Dataset entries
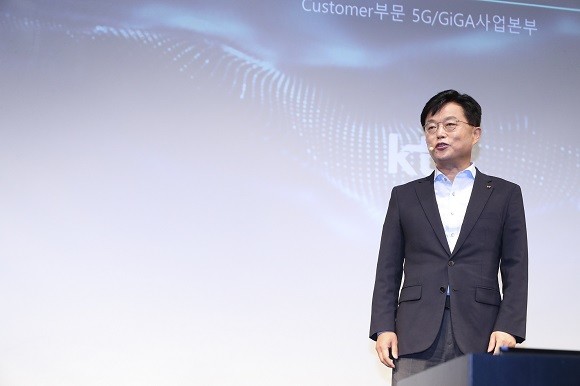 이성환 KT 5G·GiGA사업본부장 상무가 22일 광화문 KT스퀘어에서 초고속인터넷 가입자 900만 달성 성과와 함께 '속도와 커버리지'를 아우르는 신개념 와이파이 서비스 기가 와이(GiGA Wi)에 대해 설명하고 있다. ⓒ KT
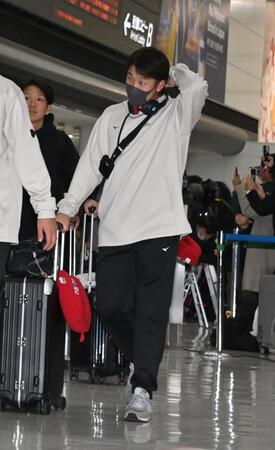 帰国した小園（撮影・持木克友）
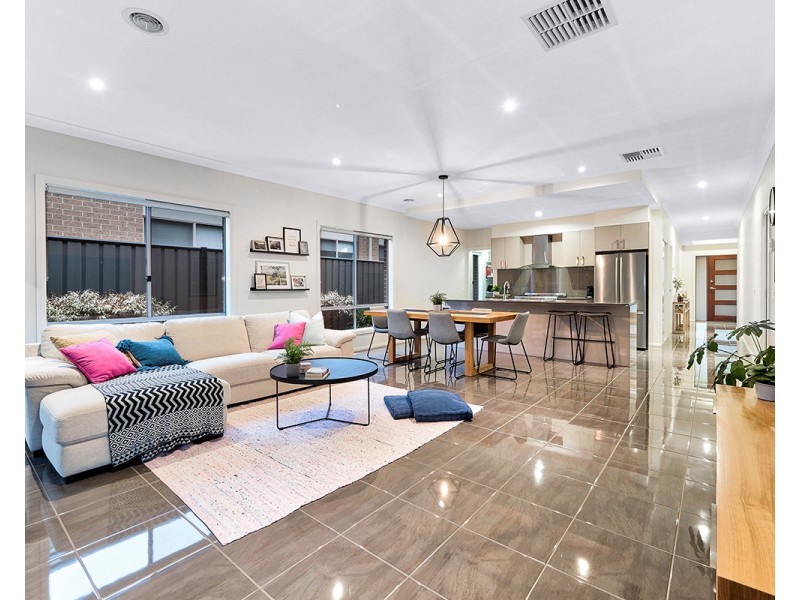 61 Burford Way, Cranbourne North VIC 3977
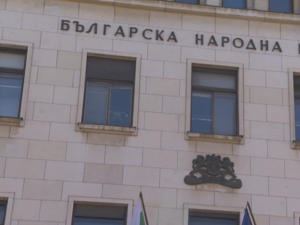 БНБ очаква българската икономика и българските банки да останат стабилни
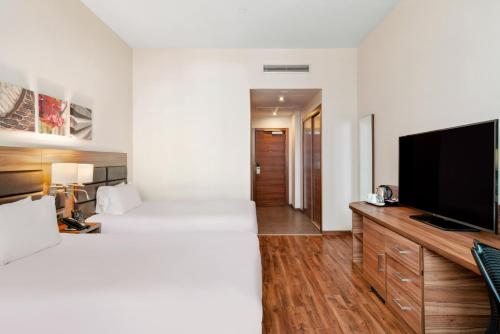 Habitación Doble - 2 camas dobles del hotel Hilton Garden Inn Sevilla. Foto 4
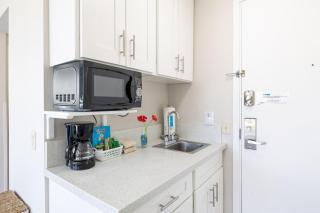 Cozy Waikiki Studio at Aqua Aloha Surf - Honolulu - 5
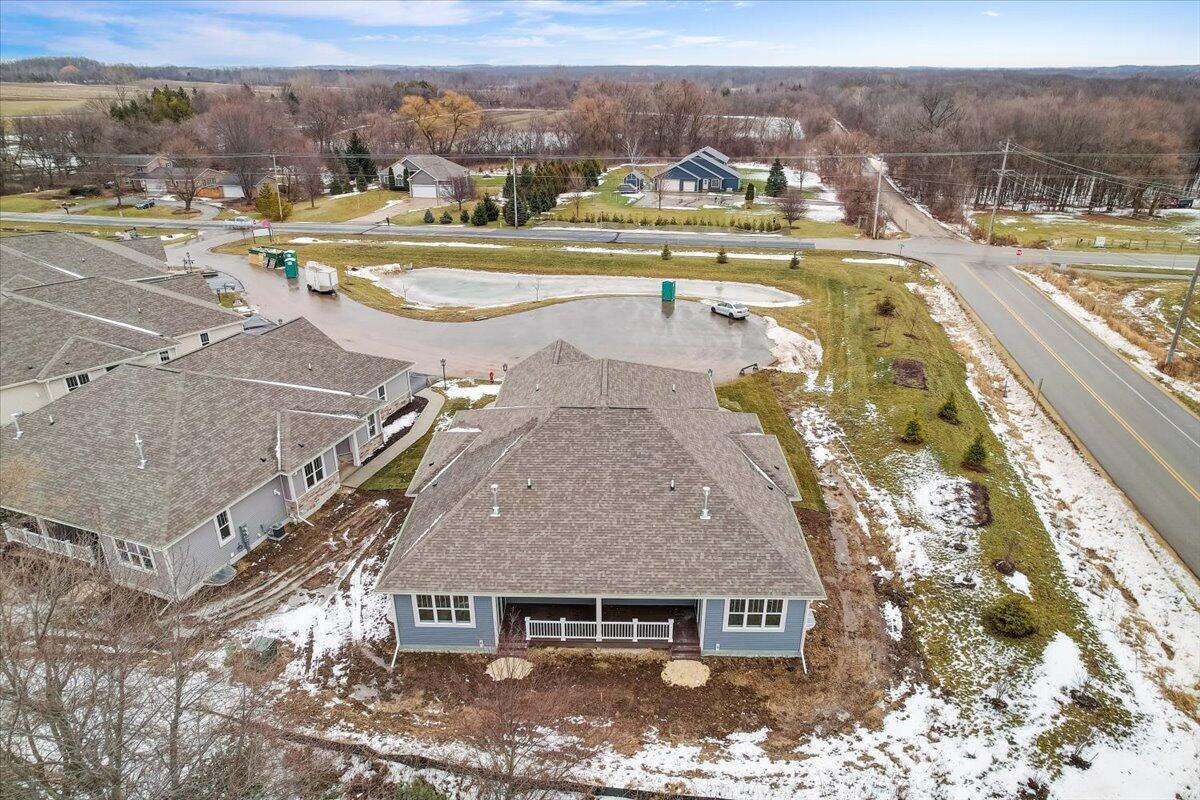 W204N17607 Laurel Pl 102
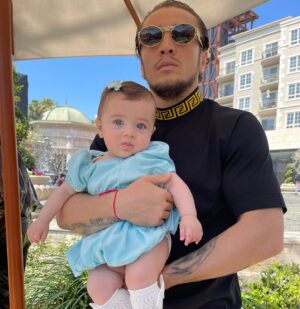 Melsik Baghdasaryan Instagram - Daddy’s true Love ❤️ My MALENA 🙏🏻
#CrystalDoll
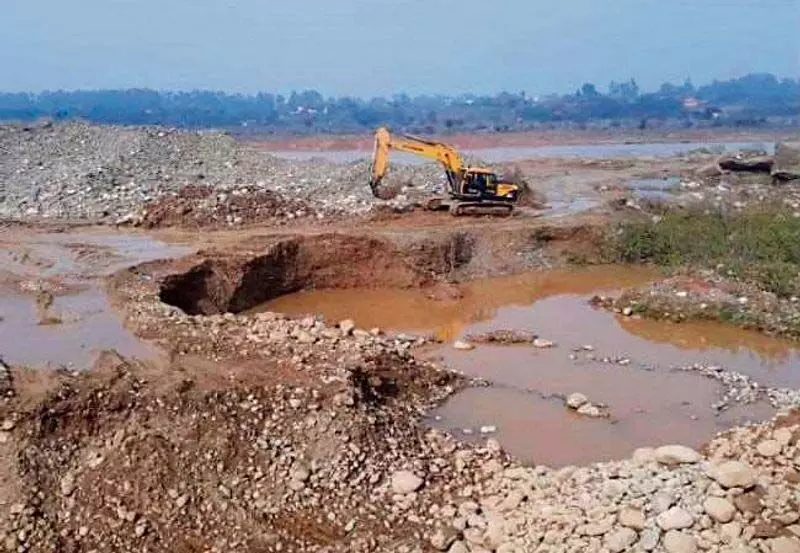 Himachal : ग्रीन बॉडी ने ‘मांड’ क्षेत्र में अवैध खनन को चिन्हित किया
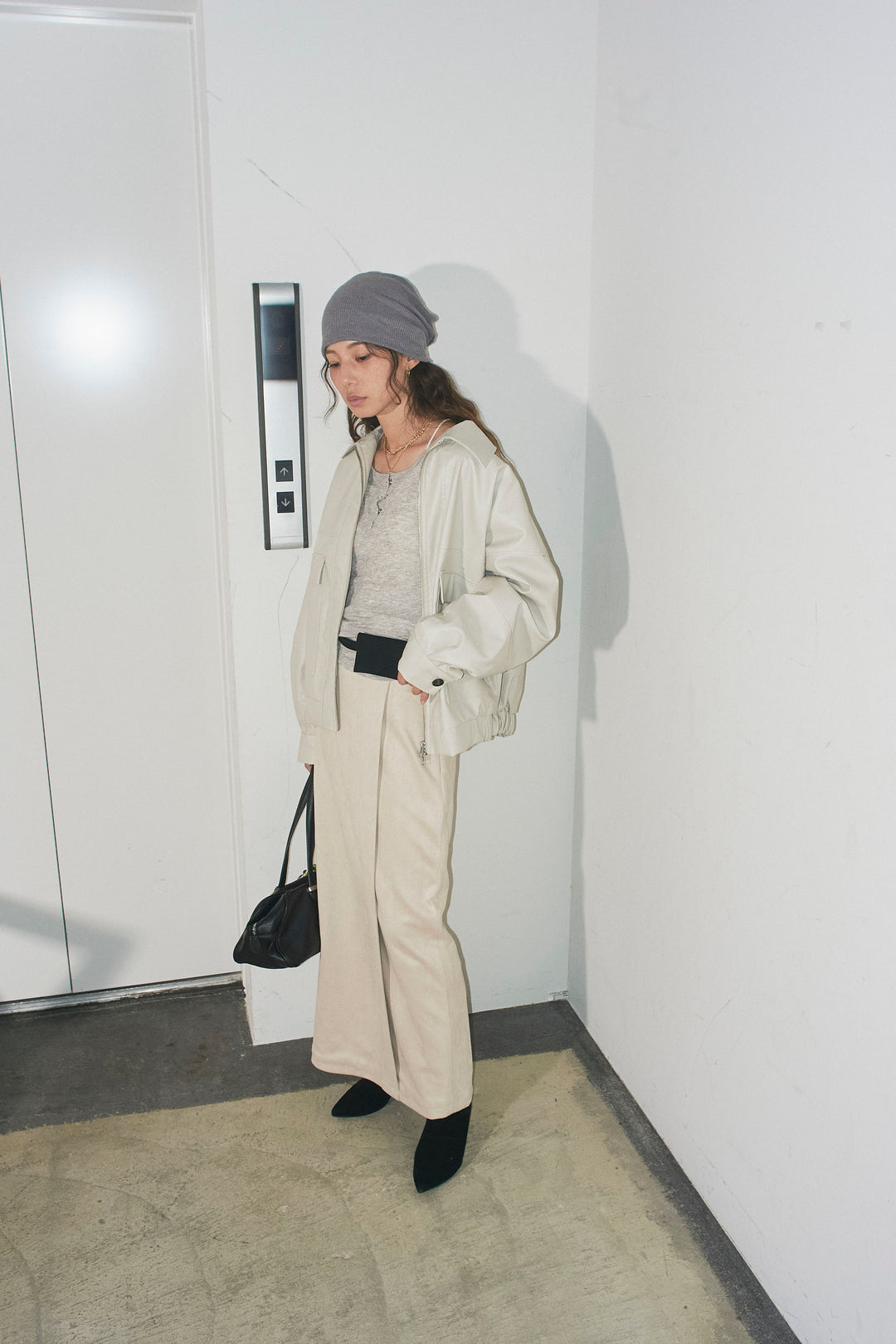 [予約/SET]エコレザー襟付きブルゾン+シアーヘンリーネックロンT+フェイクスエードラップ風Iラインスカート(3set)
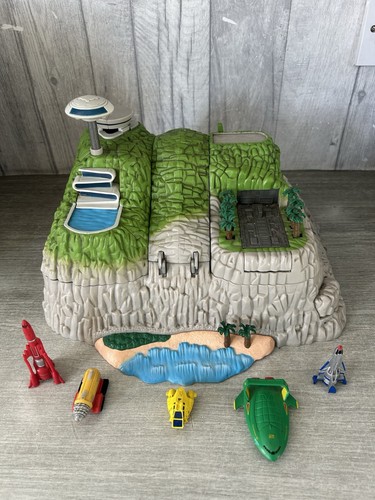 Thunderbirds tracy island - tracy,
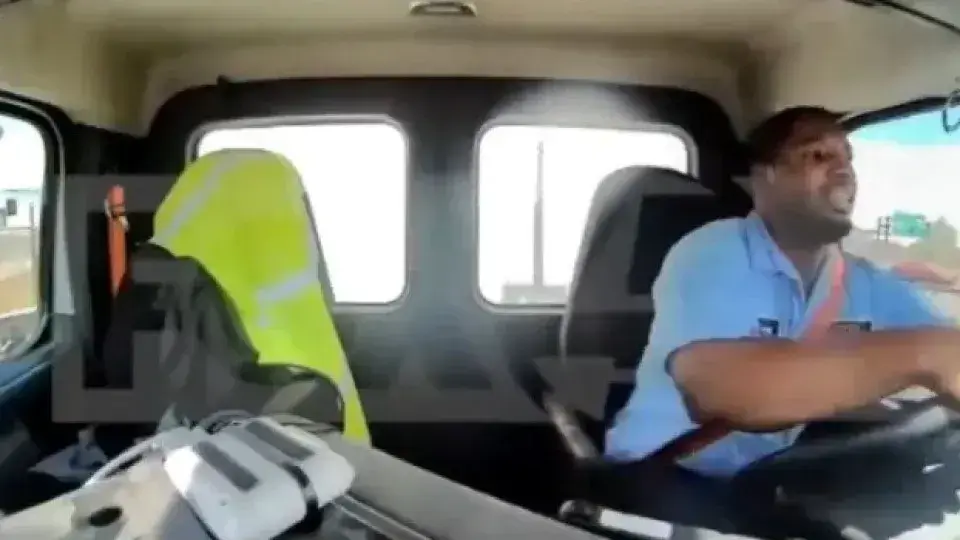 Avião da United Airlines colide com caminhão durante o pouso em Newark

• _YOUR TASK_
Exact copy, no pictures: return the entries word for word.

• _ANSWER TO THE EXERCISE_
 이성환 KT 5G·GiGA사업본부장 상무가 22일 광화문 KT스퀘어에서 초고속인터넷 가입자 900만 달성 성과와 함께 '속도와 커버리지'를 아우르는 신개념 와이파이 서비스 기가 와이(GiGA Wi)에 대해 설명하고 있다. ⓒ KT
 帰国した小園（撮影・持木克友）
 61 Burford Way, Cranbourne North VIC 3977
 БНБ очаква българската икономика и българските банки да останат стабилни
 Habitación Doble - 2 camas dobles del hotel Hilton Garden Inn Sevilla. Foto 4
 Cozy Waikiki Studio at Aqua Aloha Surf - Honolulu - 5
 W204N17607 Laurel Pl 102
 Melsik Baghdasaryan Instagram - Daddy’s true Love ❤️ My MALENA 🙏🏻
#CrystalDoll
 Himachal : ग्रीन बॉडी ने ‘मांड’ क्षेत्र में अवैध खनन को चिन्हित किया
 [予約/SET]エコレザー襟付きブルゾン+シアーヘンリーネックロンT+フェイクスエードラップ風Iラインスカート(3set)
 Thunderbirds tracy island - tracy,
 Avião da United Airlines colide com caminhão durante o pouso em Newark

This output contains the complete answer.